Other factors that have influenced the proposal are "increased costs for care and support workers resulting from the pay equity settlement agree by Government," says Dame Rebstock, as well as the "introduction of free doctor visits for under-14s".
"In addition, the impact of lower interest rates on our investments, and higher inflation forecasts, will have a significant influence on future costs," she says. "These factors need to be reflected in the levy rates now to ensure that we can support our clients' needs."
Despite the cost pressures, Dame Rebstock said the ACC's investment in injury prevention and internal changes have had a "positive impact". She said the past two years have seen higher investment returns than forecast.

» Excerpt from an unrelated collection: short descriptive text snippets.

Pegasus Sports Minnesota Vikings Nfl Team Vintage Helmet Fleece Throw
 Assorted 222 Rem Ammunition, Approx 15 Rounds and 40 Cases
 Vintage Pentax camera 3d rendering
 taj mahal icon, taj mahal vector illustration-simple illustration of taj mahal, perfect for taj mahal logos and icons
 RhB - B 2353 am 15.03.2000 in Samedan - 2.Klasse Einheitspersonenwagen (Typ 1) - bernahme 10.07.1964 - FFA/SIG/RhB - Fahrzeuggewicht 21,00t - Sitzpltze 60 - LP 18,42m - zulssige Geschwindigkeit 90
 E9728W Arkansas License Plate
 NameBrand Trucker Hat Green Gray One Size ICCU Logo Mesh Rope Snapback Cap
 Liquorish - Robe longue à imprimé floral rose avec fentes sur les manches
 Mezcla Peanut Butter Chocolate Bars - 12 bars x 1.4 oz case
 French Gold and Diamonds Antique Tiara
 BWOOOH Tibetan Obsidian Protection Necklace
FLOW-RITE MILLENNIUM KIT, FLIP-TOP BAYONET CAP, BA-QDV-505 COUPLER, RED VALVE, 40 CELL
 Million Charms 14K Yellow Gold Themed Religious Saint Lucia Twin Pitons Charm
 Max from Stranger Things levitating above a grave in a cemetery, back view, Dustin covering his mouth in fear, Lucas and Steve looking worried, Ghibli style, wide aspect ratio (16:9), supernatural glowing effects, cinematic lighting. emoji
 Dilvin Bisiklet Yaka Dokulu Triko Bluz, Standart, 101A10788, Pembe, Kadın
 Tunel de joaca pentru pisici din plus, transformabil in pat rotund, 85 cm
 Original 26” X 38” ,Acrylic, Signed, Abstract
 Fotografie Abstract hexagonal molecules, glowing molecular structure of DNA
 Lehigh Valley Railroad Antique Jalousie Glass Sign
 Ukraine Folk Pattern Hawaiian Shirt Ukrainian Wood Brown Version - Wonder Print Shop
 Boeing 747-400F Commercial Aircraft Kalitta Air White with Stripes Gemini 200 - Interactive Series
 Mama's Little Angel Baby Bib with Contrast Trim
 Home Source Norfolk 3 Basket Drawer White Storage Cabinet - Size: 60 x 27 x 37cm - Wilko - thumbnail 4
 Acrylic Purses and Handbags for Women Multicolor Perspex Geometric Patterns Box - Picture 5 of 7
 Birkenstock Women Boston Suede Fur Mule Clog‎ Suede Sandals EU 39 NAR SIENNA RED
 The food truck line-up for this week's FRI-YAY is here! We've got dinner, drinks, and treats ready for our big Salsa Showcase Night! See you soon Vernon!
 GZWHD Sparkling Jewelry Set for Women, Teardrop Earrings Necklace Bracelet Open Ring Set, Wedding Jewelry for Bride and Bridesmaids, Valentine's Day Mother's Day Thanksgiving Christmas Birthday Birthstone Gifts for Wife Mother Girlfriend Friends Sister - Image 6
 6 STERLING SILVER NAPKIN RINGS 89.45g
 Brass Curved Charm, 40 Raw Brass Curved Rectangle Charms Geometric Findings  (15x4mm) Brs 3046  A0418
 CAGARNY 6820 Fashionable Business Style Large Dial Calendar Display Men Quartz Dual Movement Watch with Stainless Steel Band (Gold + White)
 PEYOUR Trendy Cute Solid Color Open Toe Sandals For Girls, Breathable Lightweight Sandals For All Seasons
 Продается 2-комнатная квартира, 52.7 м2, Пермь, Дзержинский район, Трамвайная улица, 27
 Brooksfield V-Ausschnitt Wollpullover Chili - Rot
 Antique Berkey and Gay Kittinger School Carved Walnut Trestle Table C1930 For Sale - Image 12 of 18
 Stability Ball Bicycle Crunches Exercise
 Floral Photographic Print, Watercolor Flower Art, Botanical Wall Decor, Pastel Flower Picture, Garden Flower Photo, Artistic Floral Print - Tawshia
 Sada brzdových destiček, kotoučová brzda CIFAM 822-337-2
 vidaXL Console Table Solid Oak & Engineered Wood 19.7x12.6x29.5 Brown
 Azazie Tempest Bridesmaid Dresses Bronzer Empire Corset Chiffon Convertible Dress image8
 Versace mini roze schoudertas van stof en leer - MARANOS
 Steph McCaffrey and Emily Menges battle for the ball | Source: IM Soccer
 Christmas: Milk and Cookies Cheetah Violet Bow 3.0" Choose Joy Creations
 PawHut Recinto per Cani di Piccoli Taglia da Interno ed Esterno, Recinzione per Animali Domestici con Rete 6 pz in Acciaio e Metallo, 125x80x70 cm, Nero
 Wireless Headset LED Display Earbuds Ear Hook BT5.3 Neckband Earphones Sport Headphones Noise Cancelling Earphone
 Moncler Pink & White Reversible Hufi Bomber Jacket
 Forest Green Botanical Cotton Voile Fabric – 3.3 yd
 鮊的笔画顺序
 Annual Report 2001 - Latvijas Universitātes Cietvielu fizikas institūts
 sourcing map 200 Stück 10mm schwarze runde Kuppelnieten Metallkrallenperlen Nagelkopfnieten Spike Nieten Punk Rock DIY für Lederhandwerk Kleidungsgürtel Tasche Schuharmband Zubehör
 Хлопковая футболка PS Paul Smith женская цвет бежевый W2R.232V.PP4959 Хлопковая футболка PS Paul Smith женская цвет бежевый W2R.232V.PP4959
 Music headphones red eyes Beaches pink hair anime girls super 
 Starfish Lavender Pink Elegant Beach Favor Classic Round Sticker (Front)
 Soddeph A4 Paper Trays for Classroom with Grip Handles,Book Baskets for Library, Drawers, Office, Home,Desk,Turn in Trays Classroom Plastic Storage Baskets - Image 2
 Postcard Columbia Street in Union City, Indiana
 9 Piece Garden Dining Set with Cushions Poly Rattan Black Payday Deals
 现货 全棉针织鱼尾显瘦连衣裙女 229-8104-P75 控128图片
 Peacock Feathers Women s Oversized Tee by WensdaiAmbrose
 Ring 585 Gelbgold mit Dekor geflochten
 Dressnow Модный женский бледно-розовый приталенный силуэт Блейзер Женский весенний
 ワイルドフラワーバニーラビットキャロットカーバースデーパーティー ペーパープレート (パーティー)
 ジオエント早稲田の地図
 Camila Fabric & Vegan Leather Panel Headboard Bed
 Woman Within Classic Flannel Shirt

"This is helping us to manage increasing costs, and, with the exception of the motor vehicle account which is slightly higher than anticipated, we have kept levies from increasing as much as we thought in 2016," she says.
How you pay your vehicle levy
You pay the ACC's motor vehicle levy either at the petrol pump - which is currently 6 cents per litre - or as part of your vehicle licence registration fee. For non-petrol vehicles, such as diesel, levies are paid entirely through registration.
Paying part of your motor vehicle levy at the petrol pump makes it "fairer for everyone on the road," says the ACC. The more you drive on New Zealand roads, it says, the "more at risk you are of an accident, and so the more you pay."
Even electric vehicles (EVs) still have to pay motor vehicle levies. EVs and plug-in hybrid electric vehicles run off an externally charged battery, and the ACC classifies them as petrol vehicles.
The reason diesel-vehicle drivers aren't charged a levy at petrol pumps is because diesel powers more than just road vehicles, such as boats and farm vehicles, and therefore it "isn't appropriate for us to add a levy at the diesel pump," says the ACC.
Instead, diesel vehicle drivers are charged the entire ACC levy when they pay for registration.